The effect of Rayleigh–Taylor instabilities on the thickness of undifferentiated crust on Kuiper Belt Objects

• We model the internal thermal evolution of Kuiper Belt Objects.
• We predict rocky cores and icy mantles, surrounded by denser ice/rock crusts.
• These structures are Rayleigh–Taylor unstable, which would overturn the crusts.
• Accounting for ice viscosity, we compute slow growth rates of the instability.
• We find Kuiper Belt Objects should retain undifferentiated rock/ice crusts.
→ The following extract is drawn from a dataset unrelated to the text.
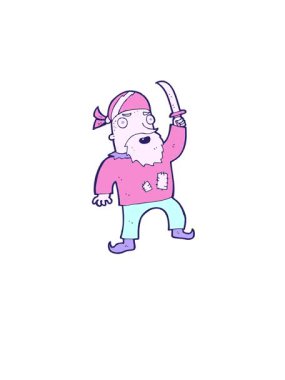 Kalk ve karikatür karikatür korsanının animasyonunu uçur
Previous calculations of the internal structure and thermal evolution of Kuiper Belt Objects (KBOs) by Desch et al. (Desch, S.J., Cook, J.C., Doggett, T.C., Porter, S.B. [2009]. Icarus 202, 694–714) have predicted that KBOs should only partially differentiate, with rock and ice separating into a rocky core and icy mantle, below an undifferentiated crust of ice and rock. This crust is thermally insulating and enhances the ability of subsurface liquid to persist within KBOs. A dense rock/ice layer resting on an icy mantle is gravitationally unstable and prone to Rayleigh–Taylor (RT) instabilities, and may potentially overturn. Here we calculate the ability of RT instabilities to act in KBOs, and determine the thickness of undifferentiated crusts. We have used previously calculated growth rates of the RT instability to determine the critical viscosity of ice needed for the RT instability to operate. We calculate the viscosity of ice at the cold temperatures and long timescales relevant to KBOs. We find that crustal overturn is only possible where the temperature exceeds about 150 K, and that RT instabilities cannot act on geological timescales within about 60 km of the surfaces of a KBO like Charon. Although this crustal thickness is less than the 85 km previously calculated by Desch et al. (Desch, S.J., Cook, J.C., Doggett, T.C., Porter, S.B. [2009]. Icarus 202, 694–714), it is still significant, representing ≈25% of the mass of the KBO. We conclude that while RT instabilities may act in KBOs, they do not completely overturn their crusts. We calculate that Saturn’s moon Rhea should only partially differentiate, resulting in a moment of inertia C/MR2≈0.38C/MR2≈0.38.